Work required: From the first line to the last, reproduce the records exactly as they appear below.

=-=-=

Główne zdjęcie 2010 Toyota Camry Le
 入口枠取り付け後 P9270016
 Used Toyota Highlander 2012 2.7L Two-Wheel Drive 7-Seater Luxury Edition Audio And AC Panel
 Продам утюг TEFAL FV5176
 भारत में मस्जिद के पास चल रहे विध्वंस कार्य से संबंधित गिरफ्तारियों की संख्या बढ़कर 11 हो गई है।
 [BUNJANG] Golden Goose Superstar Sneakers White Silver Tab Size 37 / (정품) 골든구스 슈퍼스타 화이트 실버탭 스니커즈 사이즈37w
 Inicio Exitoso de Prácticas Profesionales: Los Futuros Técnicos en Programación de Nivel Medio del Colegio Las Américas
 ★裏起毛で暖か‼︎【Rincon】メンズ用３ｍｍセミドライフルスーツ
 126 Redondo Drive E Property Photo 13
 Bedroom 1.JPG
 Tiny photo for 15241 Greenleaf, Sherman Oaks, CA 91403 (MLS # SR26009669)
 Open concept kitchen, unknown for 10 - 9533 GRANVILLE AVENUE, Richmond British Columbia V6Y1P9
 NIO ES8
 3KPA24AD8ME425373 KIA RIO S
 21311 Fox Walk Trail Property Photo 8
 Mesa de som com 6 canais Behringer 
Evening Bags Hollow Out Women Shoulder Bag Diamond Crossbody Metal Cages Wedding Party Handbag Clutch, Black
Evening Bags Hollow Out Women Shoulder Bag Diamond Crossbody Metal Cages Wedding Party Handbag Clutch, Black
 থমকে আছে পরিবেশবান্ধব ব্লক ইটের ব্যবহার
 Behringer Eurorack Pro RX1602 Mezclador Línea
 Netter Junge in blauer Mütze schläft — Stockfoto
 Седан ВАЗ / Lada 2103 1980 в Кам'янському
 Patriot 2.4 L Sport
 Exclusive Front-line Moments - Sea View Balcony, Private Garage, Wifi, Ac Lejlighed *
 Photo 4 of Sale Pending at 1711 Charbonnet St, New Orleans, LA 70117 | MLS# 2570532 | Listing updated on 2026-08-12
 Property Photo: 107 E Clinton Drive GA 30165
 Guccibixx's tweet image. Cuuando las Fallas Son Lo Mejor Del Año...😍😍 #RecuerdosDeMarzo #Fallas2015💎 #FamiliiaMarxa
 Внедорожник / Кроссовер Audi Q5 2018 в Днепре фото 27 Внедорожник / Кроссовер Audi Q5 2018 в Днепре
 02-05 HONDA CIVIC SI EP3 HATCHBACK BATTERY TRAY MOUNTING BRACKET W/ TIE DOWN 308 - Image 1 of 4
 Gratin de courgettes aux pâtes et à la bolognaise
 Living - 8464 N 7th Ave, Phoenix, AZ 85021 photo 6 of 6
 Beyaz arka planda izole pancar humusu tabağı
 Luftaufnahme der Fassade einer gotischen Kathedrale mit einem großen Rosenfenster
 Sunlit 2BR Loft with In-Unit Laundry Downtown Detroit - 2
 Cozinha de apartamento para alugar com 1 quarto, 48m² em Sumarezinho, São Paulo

=-=-=

Result for this task:
Główne zdjęcie 2010 Toyota Camry Le
 入口枠取り付け後 P9270016
 Used Toyota Highlander 2012 2.7L Two-Wheel Drive 7-Seater Luxury Edition Audio And AC Panel
 Продам утюг TEFAL FV5176
 भारत में मस्जिद के पास चल रहे विध्वंस कार्य से संबंधित गिरफ्तारियों की संख्या बढ़कर 11 हो गई है।
 [BUNJANG] Golden Goose Superstar Sneakers White Silver Tab Size 37 / (정품) 골든구스 슈퍼스타 화이트 실버탭 스니커즈 사이즈37w
 Inicio Exitoso de Prácticas Profesionales: Los Futuros Técnicos en Programación de Nivel Medio del Colegio Las Américas
 ★裏起毛で暖か‼︎【Rincon】メンズ用３ｍｍセミドライフルスーツ
 126 Redondo Drive E Property Photo 13
 Bedroom 1.JPG
 Tiny photo for 15241 Greenleaf, Sherman Oaks, CA 91403 (MLS # SR26009669)
 Open concept kitchen, unknown for 10 - 9533 GRANVILLE AVENUE, Richmond British Columbia V6Y1P9
 NIO ES8
 3KPA24AD8ME425373 KIA RIO S
 21311 Fox Walk Trail Property Photo 8
 Mesa de som com 6 canais Behringer 
Evening Bags Hollow Out Women Shoulder Bag Diamond Crossbody Metal Cages Wedding Party Handbag Clutch, Black
Evening Bags Hollow Out Women Shoulder Bag Diamond Crossbody Metal Cages Wedding Party Handbag Clutch, Black
 থমকে আছে পরিবেশবান্ধব ব্লক ইটের ব্যবহার
 Behringer Eurorack Pro RX1602 Mezclador Línea
 Netter Junge in blauer Mütze schläft — Stockfoto
 Седан ВАЗ / Lada 2103 1980 в Кам'янському
 Patriot 2.4 L Sport
 Exclusive Front-line Moments - Sea View Balcony, Private Garage, Wifi, Ac Lejlighed *
 Photo 4 of Sale Pending at 1711 Charbonnet St, New Orleans, LA 70117 | MLS# 2570532 | Listing updated on 2026-08-12
 Property Photo: 107 E Clinton Drive GA 30165
 Guccibixx's tweet image. Cuuando las Fallas Son Lo Mejor Del Año...😍😍 #RecuerdosDeMarzo #Fallas2015💎 #FamiliiaMarxa
 Внедорожник / Кроссовер Audi Q5 2018 в Днепре фото 27 Внедорожник / Кроссовер Audi Q5 2018 в Днепре
 02-05 HONDA CIVIC SI EP3 HATCHBACK BATTERY TRAY MOUNTING BRACKET W/ TIE DOWN 308 - Image 1 of 4
 Gratin de courgettes aux pâtes et à la bolognaise
 Living - 8464 N 7th Ave, Phoenix, AZ 85021 photo 6 of 6
 Beyaz arka planda izole pancar humusu tabağı
 Luftaufnahme der Fassade einer gotischen Kathedrale mit einem großen Rosenfenster
 Sunlit 2BR Loft with In-Unit Laundry Downtown Detroit - 2
 Cozinha de apartamento para alugar com 1 quarto, 48m² em Sumarezinho, São Paulo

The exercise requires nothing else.